Wymagający sparing z liderkami Orlen I Ligi.
Mecz w większości rozpoczęła „jedenastka”, która w środowym sparingu z Czarnymi Sosnowiec całe spotkanie przesiedziała na ławce lub zagrała niewielką liczbę minut. Od początku widoczna była u „rekordzistek” chęć do krótkiego rozgrywania piłki i szukania przestrzeni między krakowiankami. Gospodynie jednak wykazały się bardzo dobrą organizacją gry, co więcej – raz za razem nękały defensywę bielszczanek podaniami za plecy i dośrodkowaniami. Po jednym z takich piłkę w bramce umieściła Wiktoria Kaczmarek, otwierając wynik meczu.

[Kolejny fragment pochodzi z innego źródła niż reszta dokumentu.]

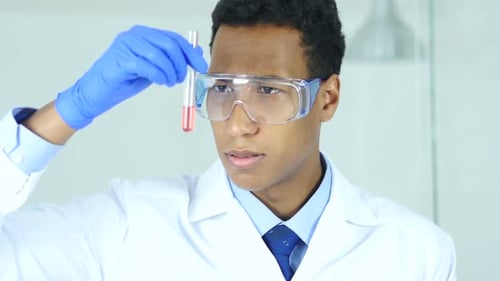 Scientist Analyzing Red Liquid in Test Tube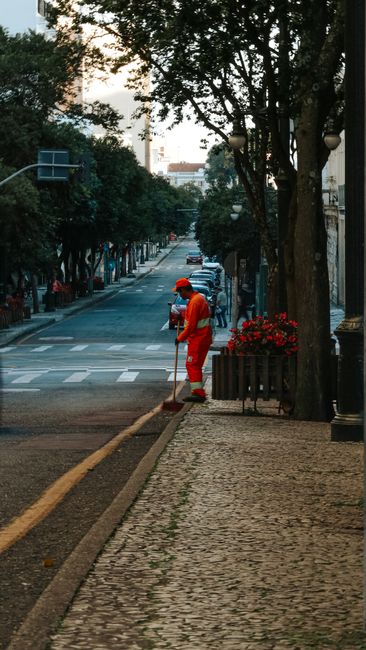 A street scene on Earls Court Road in South Kensington during daytime, showing a worker in a bright red uniform sweeping the cobblestone sidewalk with a long-handled broom. The street features a row of parked cars along the curb, lined with large trees that cast shade over the area. Ornamental street lamps are visible among the trees, and flowers are planted in a small bed adjacent to the sidewalk. The background includes buildings and a partly cloudy sky. The image emphasizes cleanliness and maintenance activities typical of residential or commercial cleaning efforts, with a focus on surface cleaning and tidiness maintained by South Kensington Cleaner, highlighting their role in ensuring hygienic urban environments.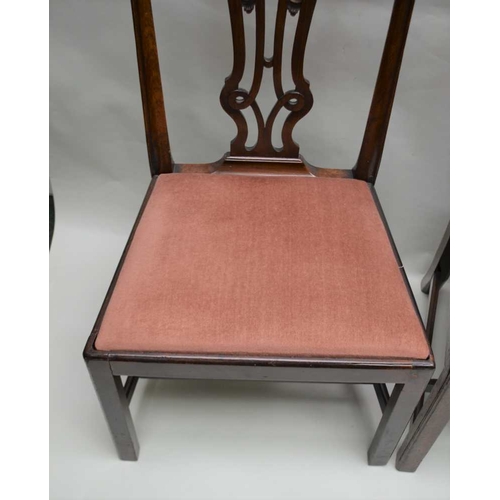 272 - A SET OF FOUR GEORGIAN DESIGN MAHOGANY SINGLE DINING CHAIRS, pierced and carved splats with fabric u... 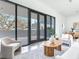 Open-concept living space with floor-to-ceiling windows and a contemporary design at 3030 W Santiago St # 3, Tampa, FL 33629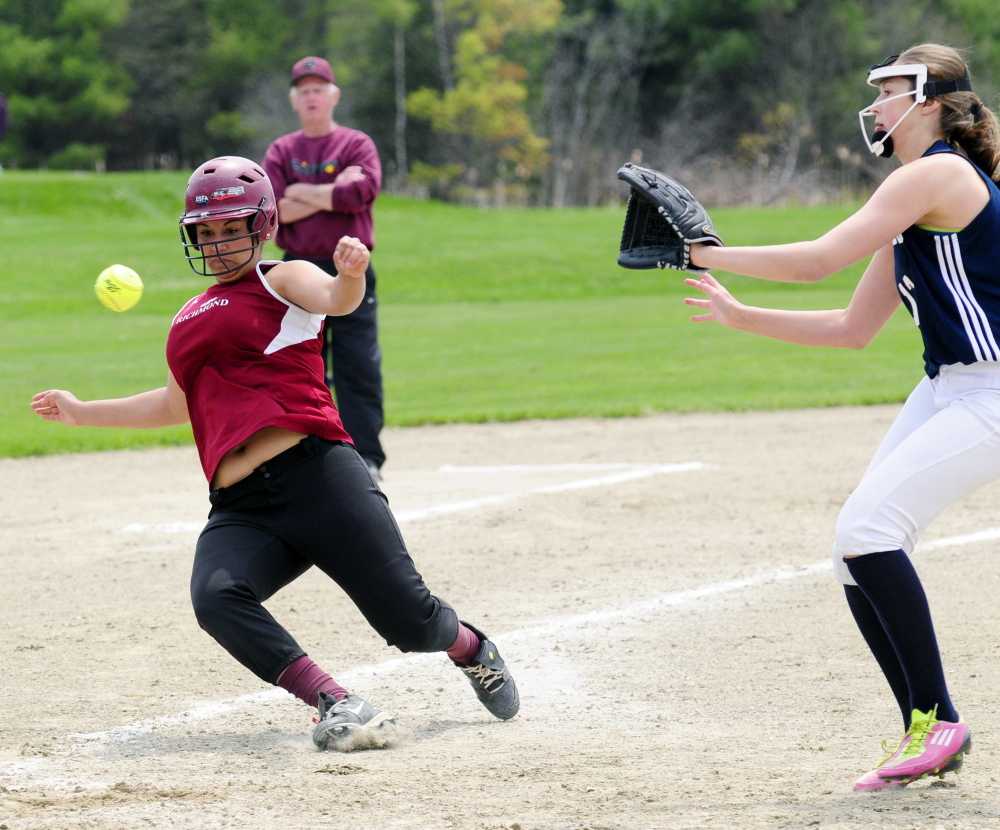 Richmond’s Kelsie Obi, left, slides towards home, as Greenville pitcher Lily Pelleter covers the plate, to score from third on a wild pitch during a game on at the Burney-Gardner Community Memorial Athletic Complex in Richmond.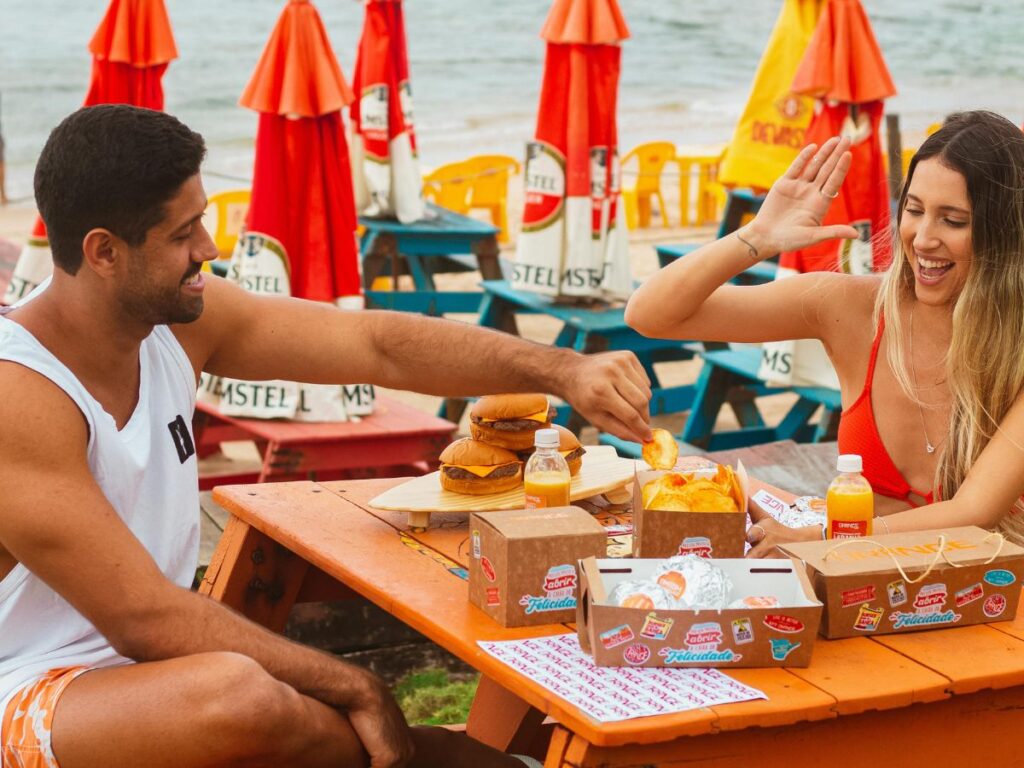 couple eating food on a beach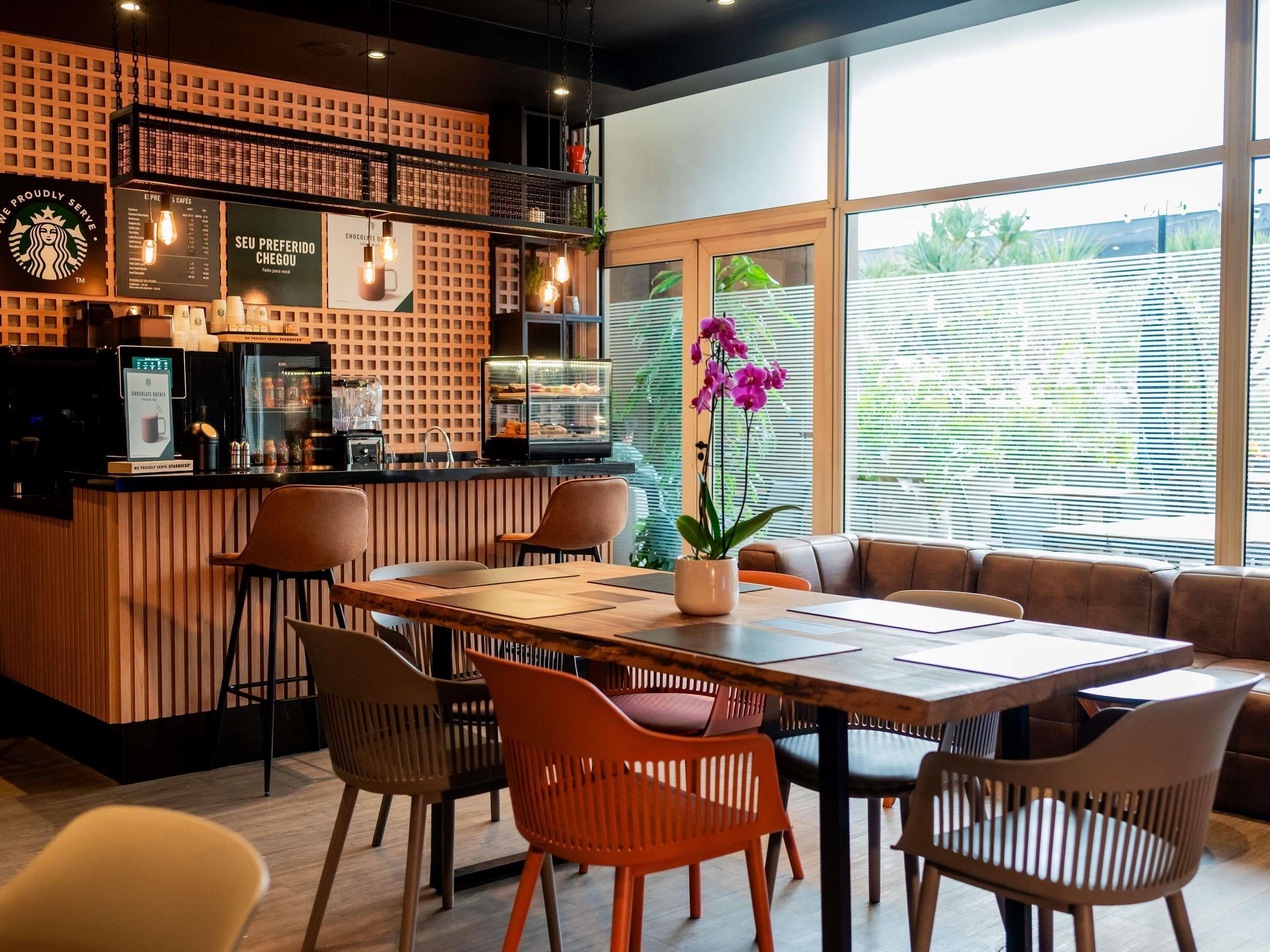Ein modernes Café mit Holztresen, Sitzbereich und großen Fenstern.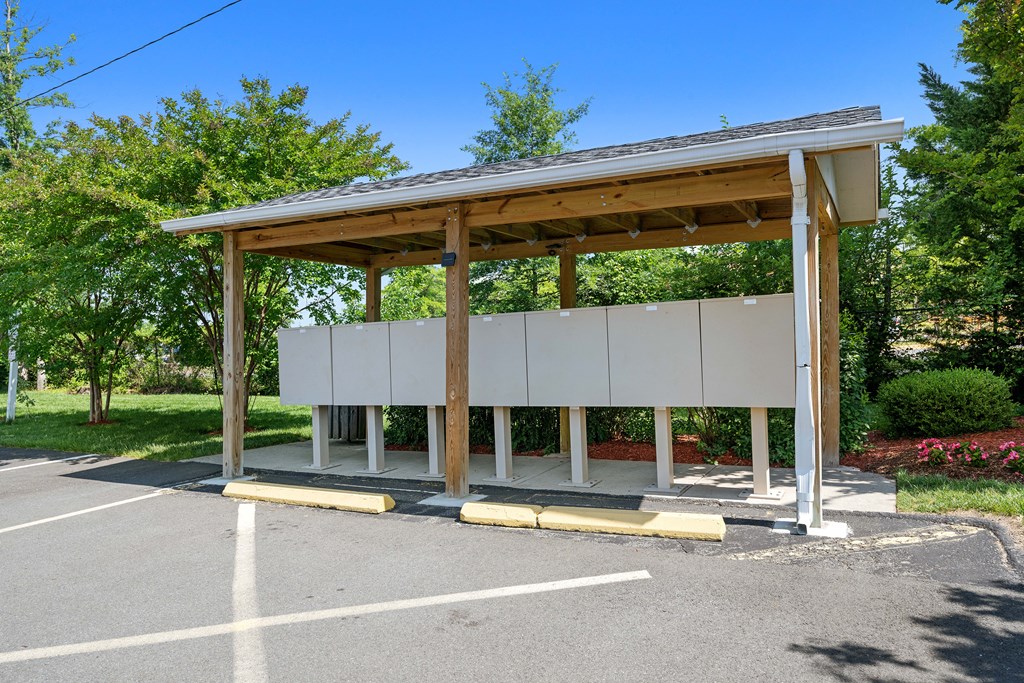 a bus stop with a roof and benches in a parking lot at Gainsborough Court Apartments, Fairfax, VA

W 28. minucie spotkania Martyna Żmudka nieznacznie pomyliła się po dośrodkowaniu testowanej zawodniczki. Co się odwlecze… już minutę później M. Żmudka ubiegła nie tylko dwie obrończynie, ale również Karolinę Klabis i z 5-ciu metrów „wpakowała” piłkę do siatki. Po wyrównaniu wyniku obie drużyny konsekwentnie szukały swoich okazji, jednak bardziej zapracowaną z bramkarek była Kinga Ptaszek. W 65. minucie „biało-zielone” zostawiły za dużo przestrzeni Isabelle Cook, która mocnym, precyzyjnym strzałem przy dalszym słupku ustaliła wynik spotkania. Po drugiej stronie Daria Długokęcka oddała dwa strzały z dystansu, jednak żaden z nich nie znalazł drogi do bramki "akademiczek" z Krakowa.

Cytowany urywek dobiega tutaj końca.